As word circulated that Brookfield Properties employees were disassembling the metal fencing that has choked access to the park, participants in last fall's occupation streamed back in, cheering and hugging each other.
The sudden reversal came a day after a joint letter to the Department of Buildings from the National Lawyers Guild, the New York Civil Liberties Union, and others challenging the legality of the barriers and restrictions at the park.
Paula Segal, a member of the National Lawyers Guild, helped direct the legal campaign against the park restrictions, launching a website that directed people to file zoning violation notices with the city over the clamped-down park.
Segal's campaign started shortly after the November eviction, she said, but it wasn't until yesterday's letter that the Department investigated the citizen complaints, as required by law. An inspector visited the park and the Department determined that there was no violation.
A few hours later, though, the barricades were coming down.
Segal, who started working with Occupy Wall Street only after the eviction, said tonight that this was the first time she has stood in Zuccotti Park without it being surrounded by barricades.

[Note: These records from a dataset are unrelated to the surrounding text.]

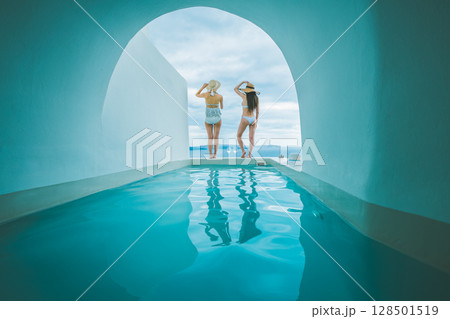 ギリシャのサントリーニ島の美しい風景 128501519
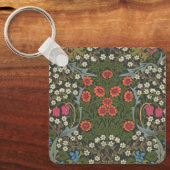 William Morris Blackthorn Garden Flower Classic Sleutelhanger (Voorkant)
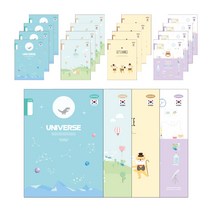 펜피아 1000 초등 로얄노트 12칸노트 공용, 랜덤 발송, 20개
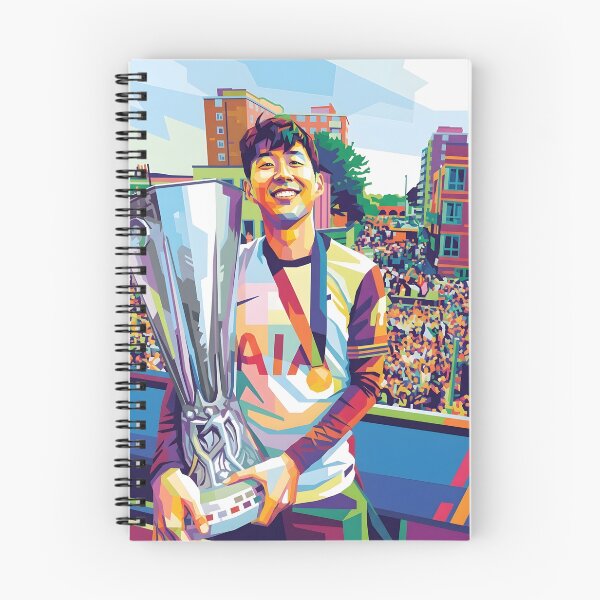 Item preview, son heung min pop art designed and sold by Kindcorner.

"It feels really good," she said.
Gideon Oliver of the National Lawyers Guild said the development was a good sign. "This is a step in the right direction, and an acknowledgment that the city has been suppressing free speech," he said. "But we'll still have to see how Brookfield and city behave in terms of enforcing whatever other rules they believe apply in this space."
Within an hour of the removal of the barriers, the kitchen working group was serving hot food to all who wanted it, protesters were making and arranging cardboard signs, and the Occupy Wall Street library was slowly being reassembled, cartload by cartload.
As has been true several times in the past, the library quickly became a flashpoint and a rallying place, as Brookfield employees repeatedly warned protesters that the books were not allowed in the park. Protesters defied the warnings. Gideon Oliver noted that there is no prohibition on books in Brookfield's evolving list of rules for the park, and that to ban the books would be unconstitutional. The Brookfield guards ultimately backed down, telling Segal they were just there to inform people of the rules, not enforce them.
The barriers that had restricted park access to two check-points stood stacked and chained together at the north edge of the park tonight. A police officer said the barriers belonged to Brookfield, not the NYPD.
Two protesters were arrested for sitting on benches behind the stacked barriers, but after a dozen more replaced them, the police stopped trying to keep occupiers away from the area.
A Brookfield security guard said the rules against tents and structures would still be enforced, but that, for the moment at least, food would be allowed in.
What the significance of the newly un-barricaded park will be going forward remains to be seen -- after all, it has been technically accessible to the public throughout, and the same park rules that discouraged occupiers over the last two months remain in place. But the psychological significance of the reopened park to the movement is real, and tonight, the protesters are treating it as a victory.